- What to work on:
Every line below must come back exactly as it stands, with the images omitted.

- Given information:
========

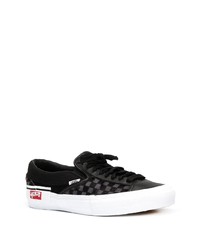 schwarze Segeltuch niedrige Sneakers mit Karomuster von Vans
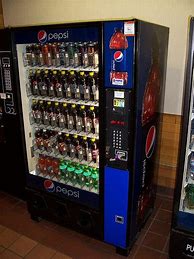 Image result for Thin Pepsi Machine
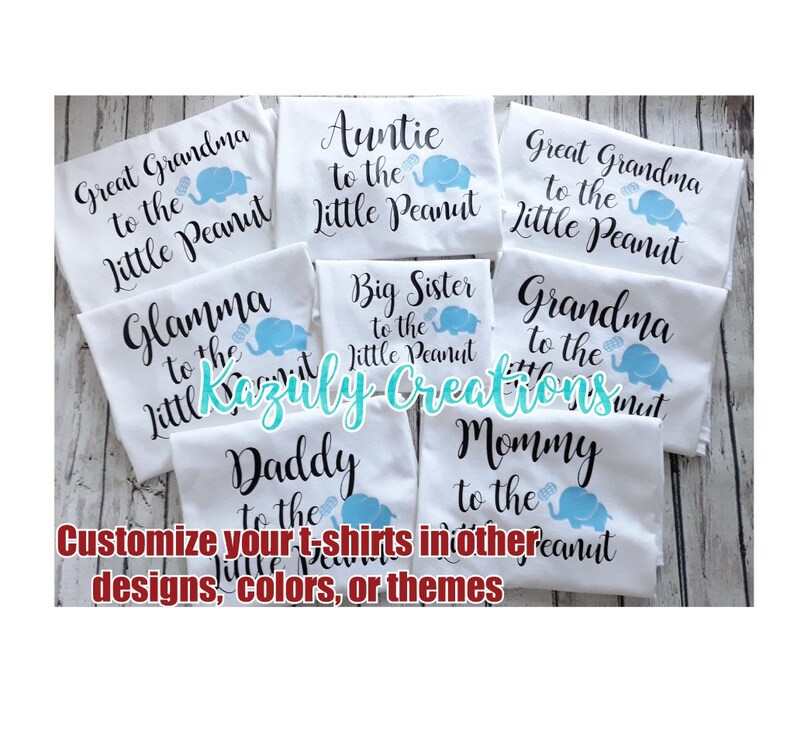May include: A set of white t-shirts with blue and black text and images of elephants. The shirts say "Great Grandma to the Little Peanut", "Auntie to the Little Peanut", "Big Sister to the Little Peanut", "Glamma to the Little Peanut", "Grandma to the Little Peanut", "Daddy to the Little Peanut", and "Mommy to the Little Peanut".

========

- Result below:
 schwarze Segeltuch niedrige Sneakers mit Karomuster von Vans
 Image result for Thin Pepsi Machine
May include: A set of white t-shirts with blue and black text and images of elephants. The shirts say "Great Grandma to the Little Peanut", "Auntie to the Little Peanut", "Big Sister to the Little Peanut", "Glamma to the Little Peanut", "Grandma to the Little Peanut", "Daddy to the Little Peanut", and "Mommy to the Little Peanut".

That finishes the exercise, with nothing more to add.